» WHAT IS BEING ASKED
Return the stretch from the line with "Triple image couleur" through the line with "Chiến Lược Săn" in the data below, character for character, skipping all pictures.

» PROVIDED DATA
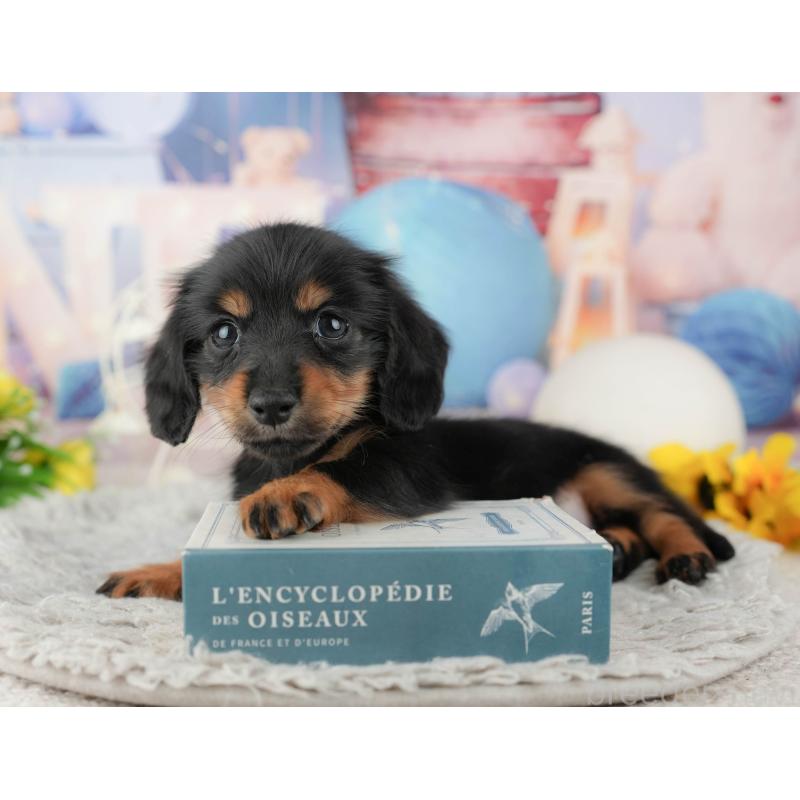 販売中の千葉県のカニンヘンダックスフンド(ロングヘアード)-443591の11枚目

...

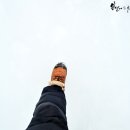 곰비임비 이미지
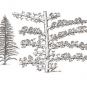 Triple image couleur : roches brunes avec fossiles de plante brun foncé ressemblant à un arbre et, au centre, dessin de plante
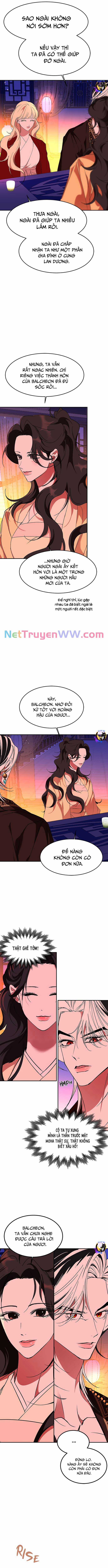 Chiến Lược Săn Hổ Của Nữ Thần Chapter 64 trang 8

» COMPLETED TASK
 Triple image couleur : roches brunes avec fossiles de plante brun foncé ressemblant à un arbre et, au centre, dessin de plante
 Chiến Lược Săn Hổ Của Nữ Thần Chapter 64 trang 8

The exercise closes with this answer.